Speed: The Arbor A-Frame is really fast but probably not the fastest board in its class. However we liked more the all condition balance that the A-Frame had. The Arbor A-Frame you can keep around after things get a little rough. So for speed the A-Frame is really fast compared to many boards but not the fastest in its class.
Uneven Terrain: The good thing about the A-Frame is that it can handle chopped up groomers a lot better than most boards in its class and riding style. We are not saying it’s going to be easy but it will be easier than most Freeride boards with this camber and flex. It’s even better than a lot of hybrid freeride shapes out there. The design team at Arbor understands that many of you who want to own this board have to ride all day and not just in the morning when all is perfect. It’s a big long board so it’s not going to be easy to negotiate bumps but it does absorb shock very well for it’s size. If you size down on this board it can do fine. For example the 166 would be more my preference for the A-Frame but if I went 162 I could handle rutted up groomed runs and almost moguled out powder.

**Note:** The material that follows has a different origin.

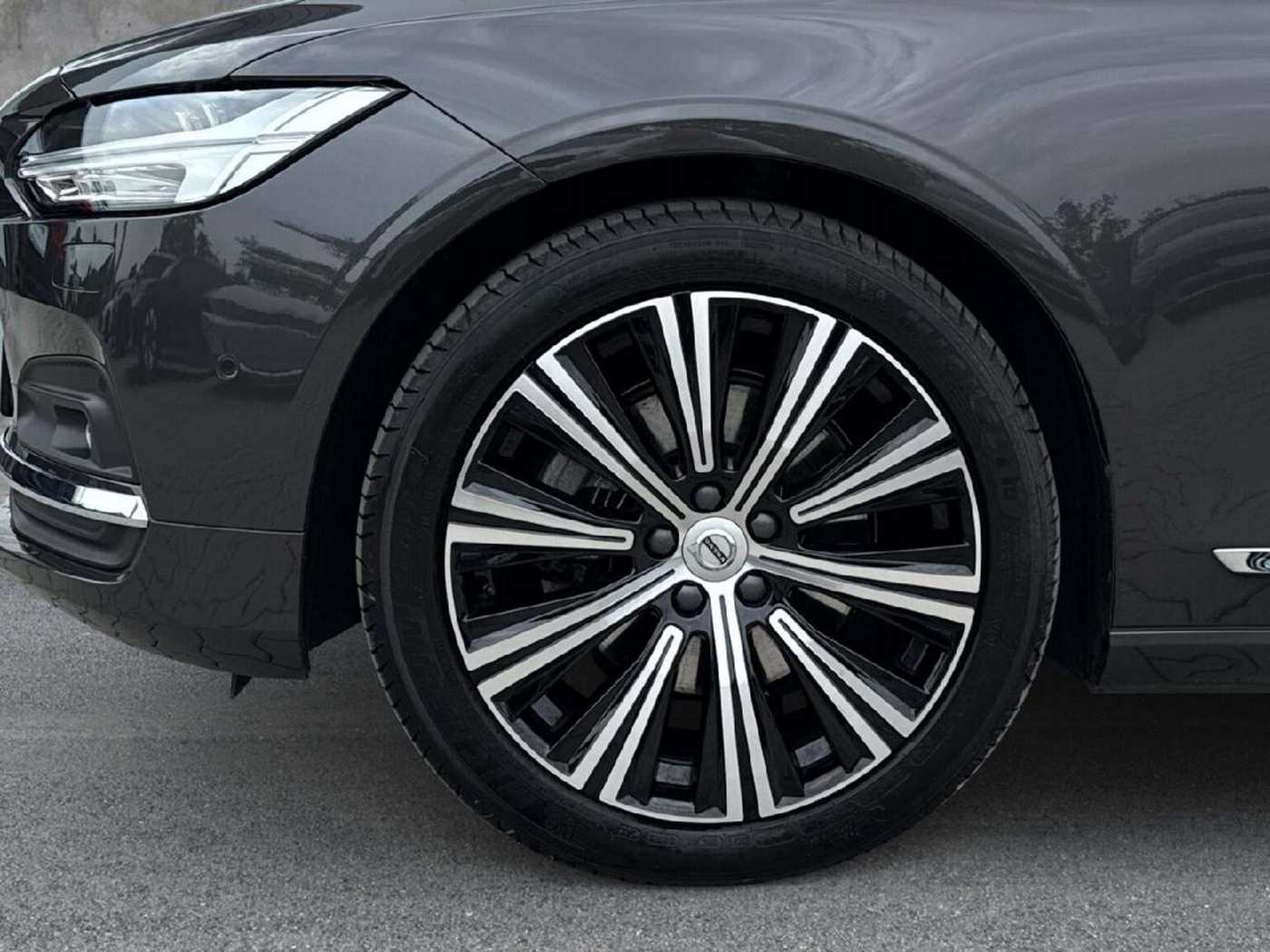 Volvo  Ultimate Bright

Edge Hold: We never felt the edge on the A-Frame give out and we rode this in all conditions except for ice. A carving board should have a lot of grip so you can ride in all conditions and the A-Frame does a great job here. It’s not an ice specialist but can keep it’s edge in harder conditions.
Flex: This is a stiff flex but it’s more on the medium side of stiff. The Arbor A-Frame is a lot easier to bend and twist than many other boards in its category.
Switch: There wasn’t much switch riding but when we did it wasn’t bad for a big slightly tapered directional board with a decent set back.
Rails/Jibbing: Don’t bother
Jumps: There is some spring on this board that is more rewarding on a carve but you can ollie off natural terain here and there without it being to weird.
Pipe: The Arbor A-Frame has the edge hold to climb any pipe wall but it’s a big board so everything else isn’t so great.
All in all we found this to be a very fun aggressive carving/freeride board. All who tried it liked it and no one had any complaints. If you like to keep your board transitioning from one carve to another on wide open groomers or pick up some solid speed then the Arbor A-Frame is great choice. It doesn’t have that hybrid shape appeal like many freeride boards do these days but It’s a beautiful looking old school board that could appeal to many freeriders out there.